▶ **EXERCISE DIRECTIONS**: Leave out the pictures, then output the lines of the records below from the first through the one containing "Coursera ad promoting".

▶ **WORKING DATA**:
┌────────

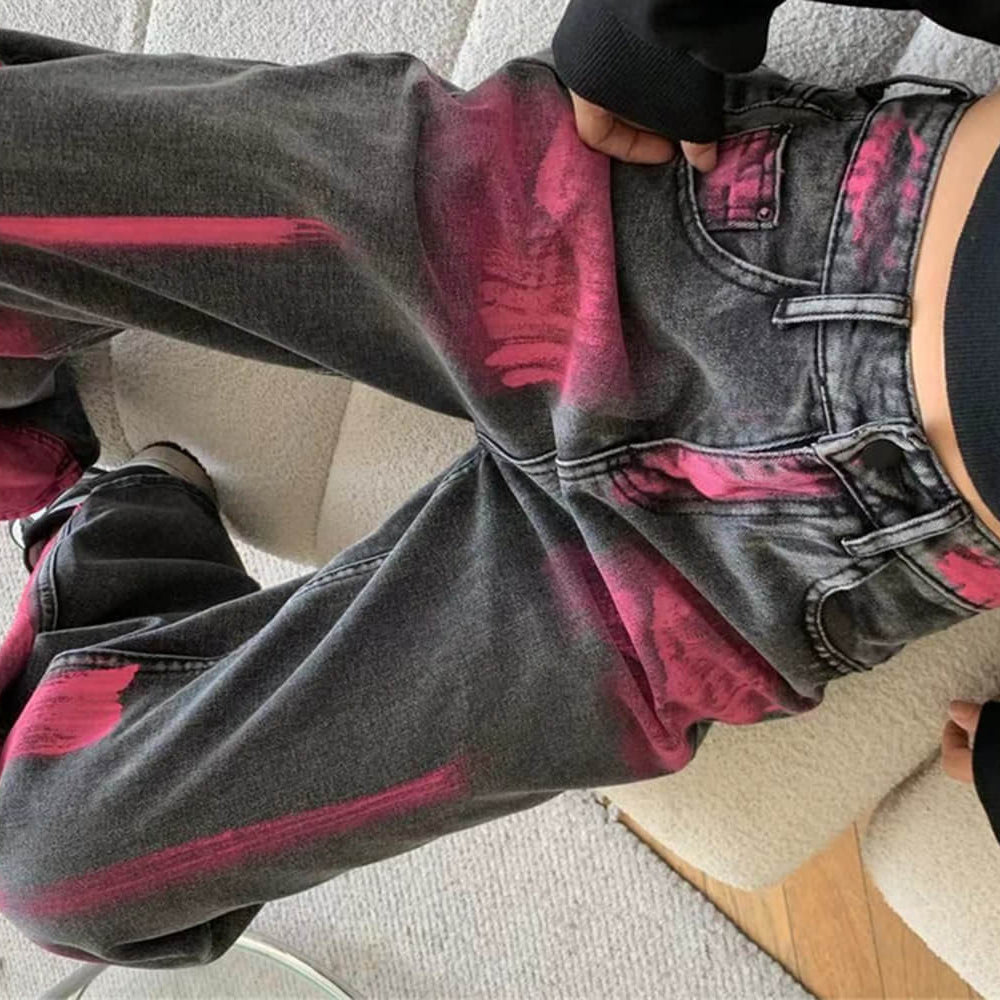 VILZSTUDIOS Baggy jeans with paint-splash design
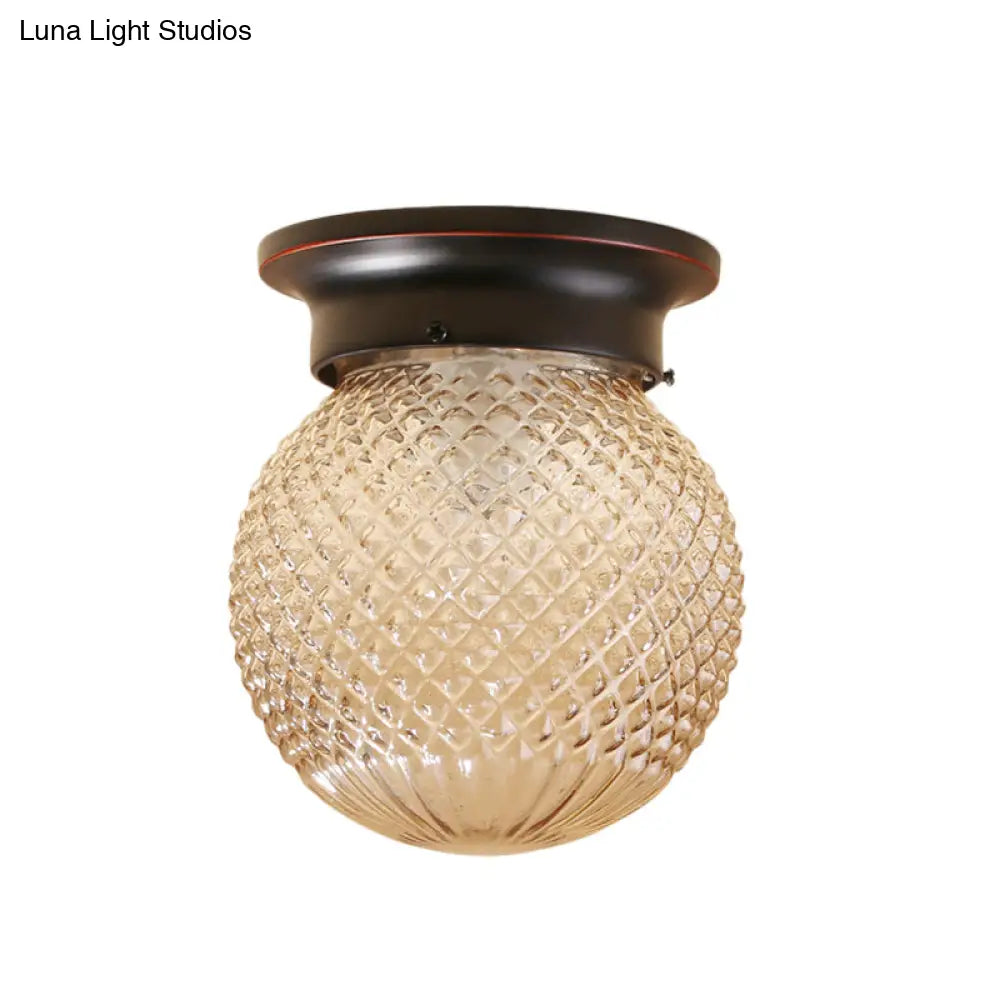 DecorBites™ DecorBites™ Industrial Black/Clear Glass Flush Mount Lighting Fixture, 6"/6.5" Wide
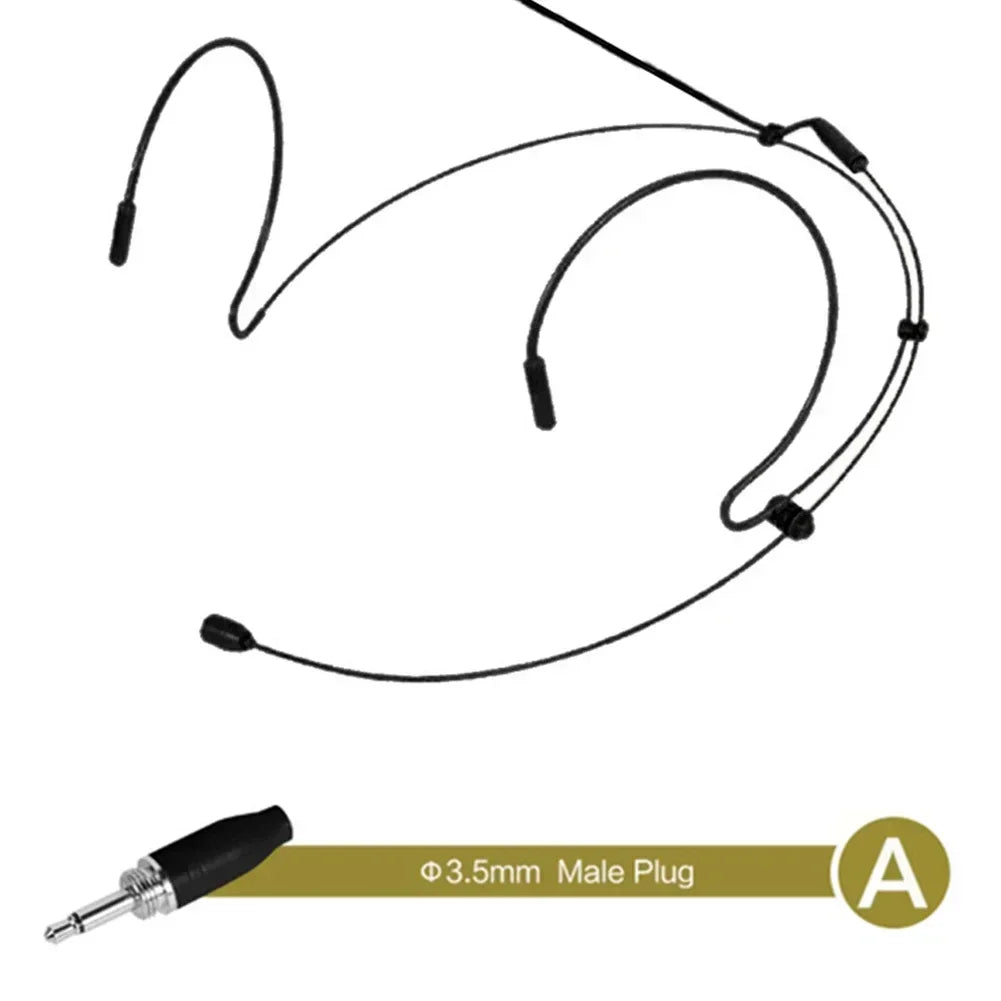 Double Earhook Headset Microphone with 2 Covers, 5 Plugs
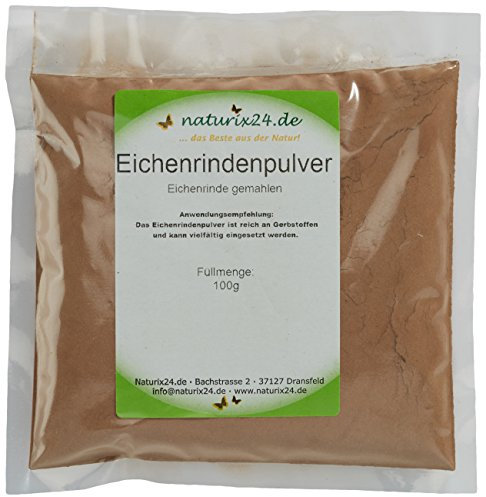 Naturix24 Eichenrindenpulver, Eichenrinde gemahlen, 8er Pack (8 x 100 g)
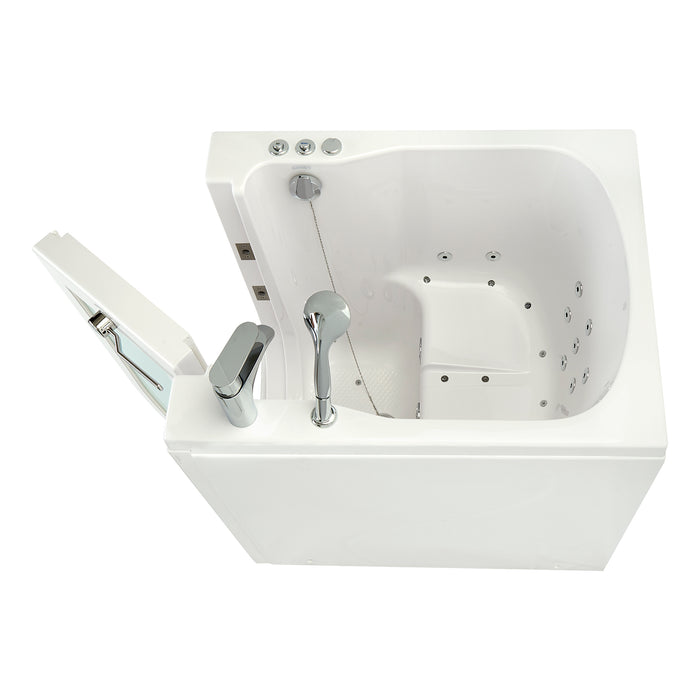 Ella's Bubbles Front Entry 32"x40" Acrylic Air and Hydro Massage Walk-In Bathtub with Right Outward Swing Door, 2 Piece Fast Fill Faucet, 2" Drain OAF3240D2PR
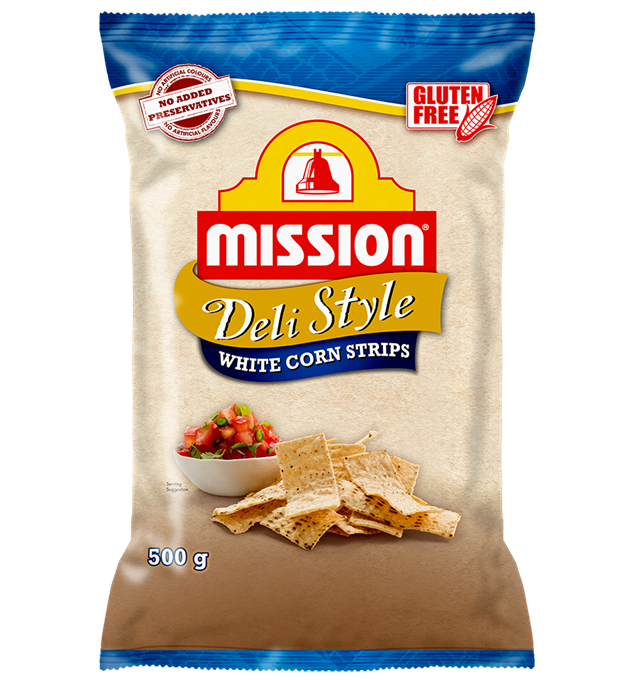 Mission Deli Style White Corn Tortilla Strips Render Logo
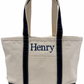 Beige CB STATION DURABLE MEDIUM tote bag with NAVY handles and trim, featuring the name 'Henry' in blue text on THIS NATURAL CANVAS BAG
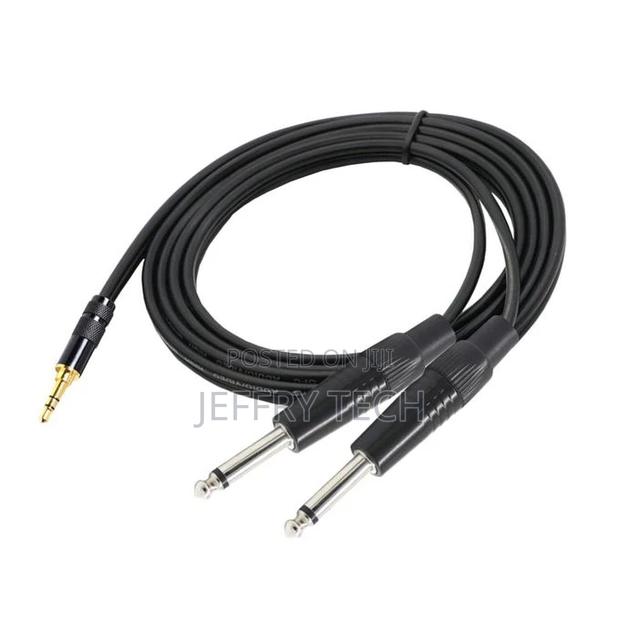 1.5m 3.5mm 1/8" Dual 6.35mm 1/4" TS Y-Cable Cord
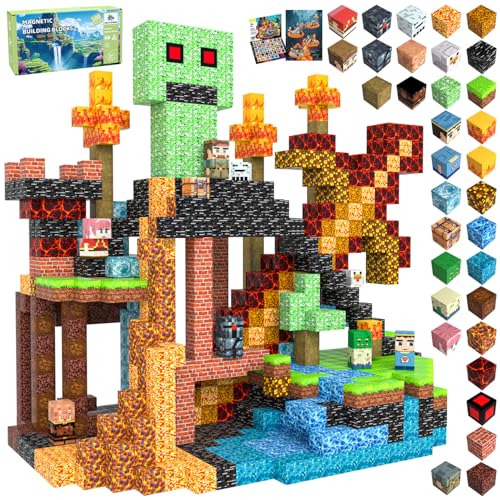 Magnetic Blocks Toys for Kids, 100 PCS Building Blocks Cubes, Stacking Magnetic Tiles Toys for Kids Toddlers Boys Girls Ages 3 4 5 6 7 8-12 Birthday Gifts Party Supplies (Underworld)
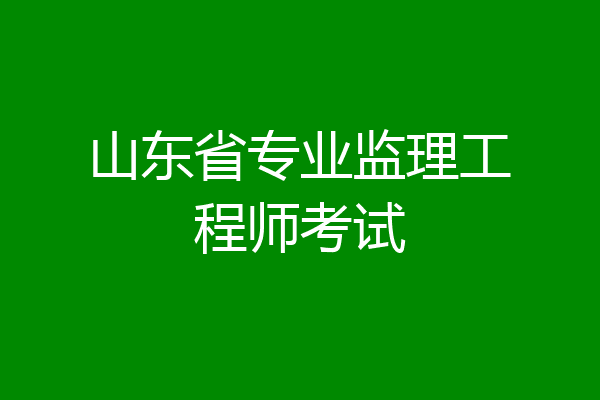 山东省专业监理工程师考试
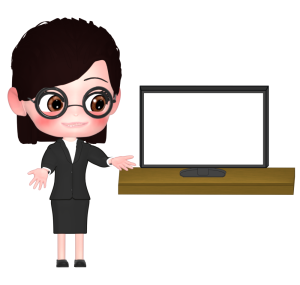 モニターで説明する女性会社員のイラスト
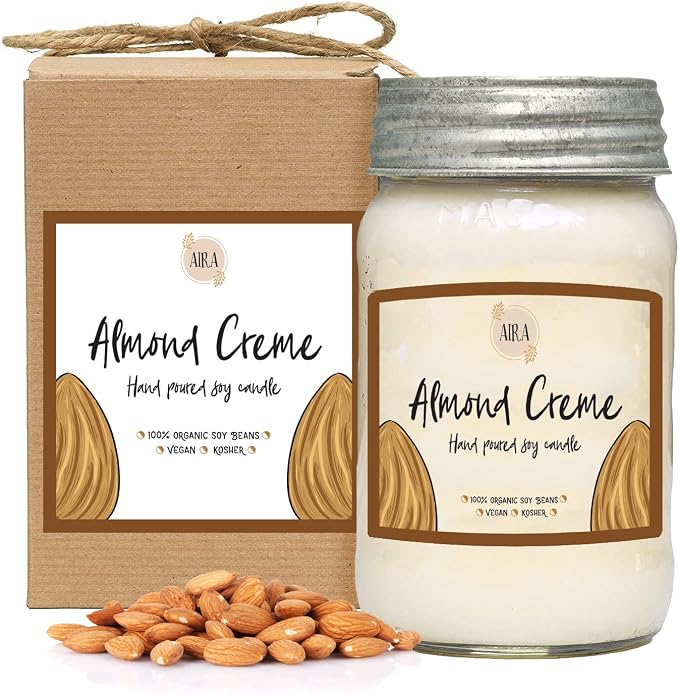 Aira Soy Candles - Organic, Kosher, Vegan, in Mason Jar w/Therapeutic Grade Essential Oil Blends - Hand-Poured 100% Soy Candle Wax - Paraffin Free, Burns 110+ Hours - Almond Creme -16 Ounces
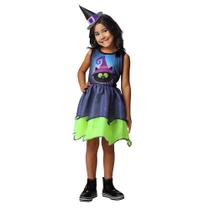 Fantasia de Bruxa Felicia Witch Roxa Infantil de Halloween
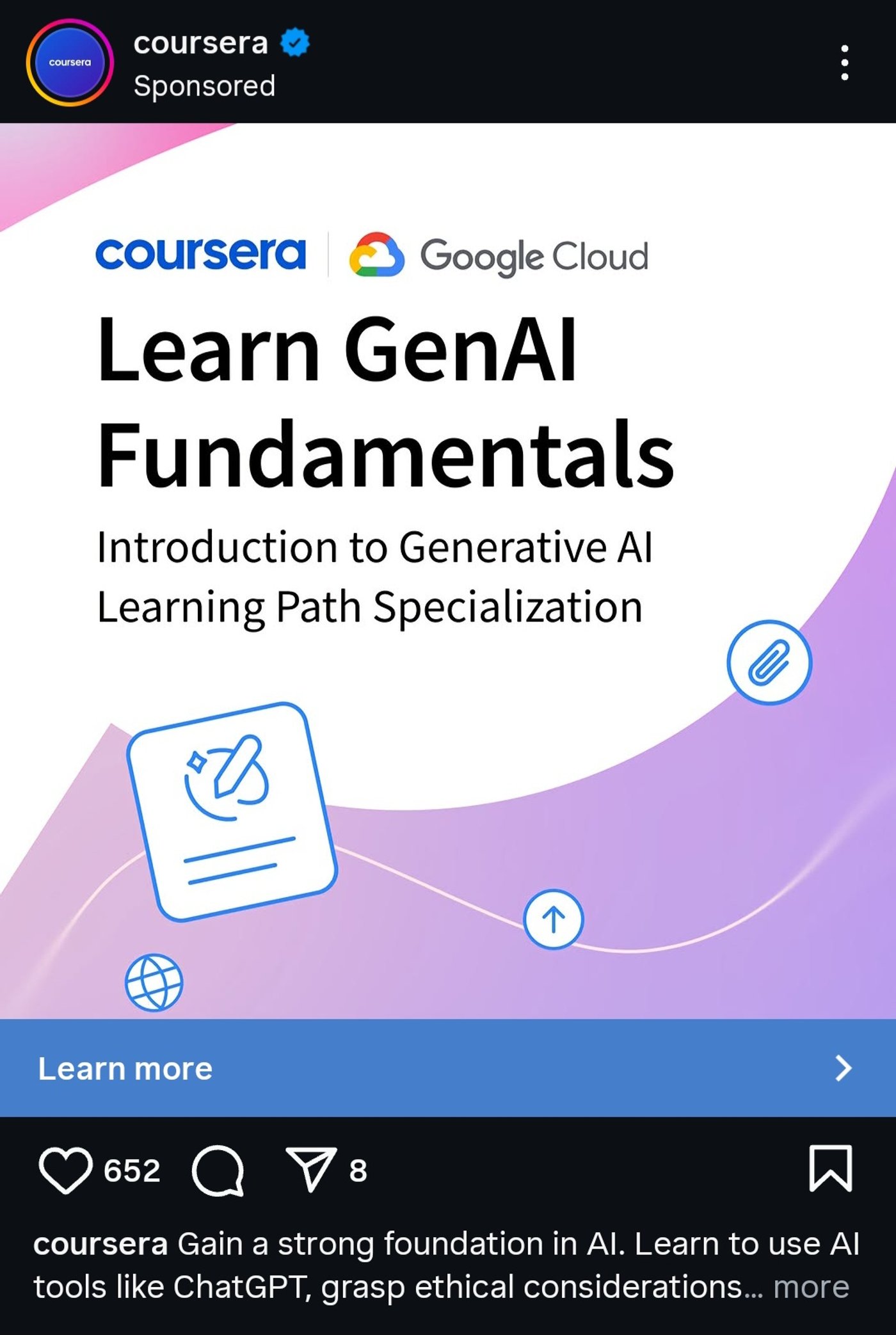 Coursera ad promoting “Learn GenAI Fundamentals,” a Google Cloud course on Generative AI basics and applications.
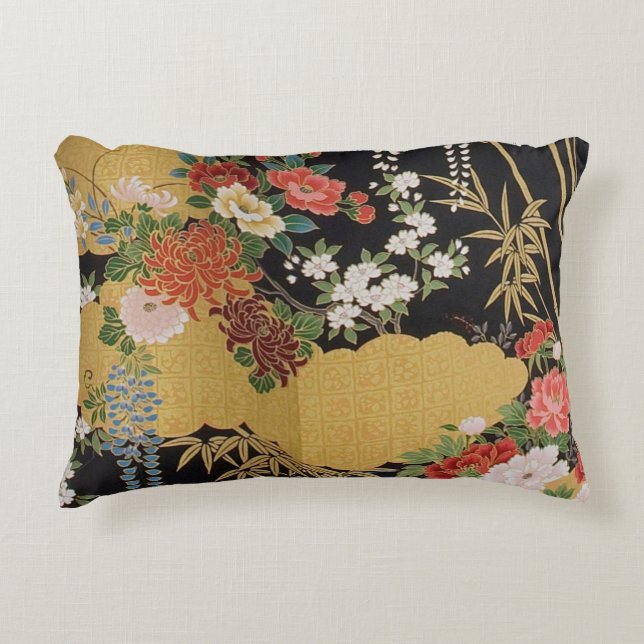 Black and Gold Traditional Japanese Kimono Floral  Decorative Cushion (Front)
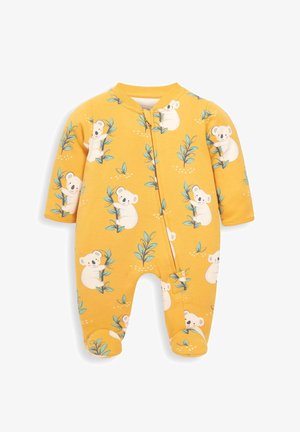 Geltona medvilninė bodži su ilgomis rankovėmis. Su kuolo ir lapų raštu, užtrauktuko uždarymu, ir pėdų dizainu, užtikrinančiu šilumą ir komfortą.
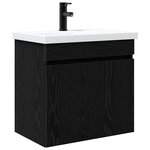 vidaXL Meuble de salle de bain avec robinet Chêne noir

└────────

▶ **ANSWER BELOW**:
 VILZSTUDIOS Baggy jeans with paint-splash design
 DecorBites™ DecorBites™ Industrial Black/Clear Glass Flush Mount Lighting Fixture, 6"/6.5" Wide
 Double Earhook Headset Microphone with 2 Covers, 5 Plugs
 Naturix24 Eichenrindenpulver, Eichenrinde gemahlen, 8er Pack (8 x 100 g)
 Ella's Bubbles Front Entry 32"x40" Acrylic Air and Hydro Massage Walk-In Bathtub with Right Outward Swing Door, 2 Piece Fast Fill Faucet, 2" Drain OAF3240D2PR
 Mission Deli Style White Corn Tortilla Strips Render Logo
 Beige CB STATION DURABLE MEDIUM tote bag with NAVY handles and trim, featuring the name 'Henry' in blue text on THIS NATURAL CANVAS BAG
 1.5m 3.5mm 1/8" Dual 6.35mm 1/4" TS Y-Cable Cord
 Magnetic Blocks Toys for Kids, 100 PCS Building Blocks Cubes, Stacking Magnetic Tiles Toys for Kids Toddlers Boys Girls Ages 3 4 5 6 7 8-12 Birthday Gifts Party Supplies (Underworld)
 山东省专业监理工程师考试
 モニターで説明する女性会社員のイラスト
 Aira Soy Candles - Organic, Kosher, Vegan, in Mason Jar w/Therapeutic Grade Essential Oil Blends - Hand-Poured 100% Soy Candle Wax - Paraffin Free, Burns 110+ Hours - Almond Creme -16 Ounces
 Fantasia de Bruxa Felicia Witch Roxa Infantil de Halloween
 Coursera ad promoting “Learn GenAI Fundamentals,” a Google Cloud course on Generative AI basics and applications.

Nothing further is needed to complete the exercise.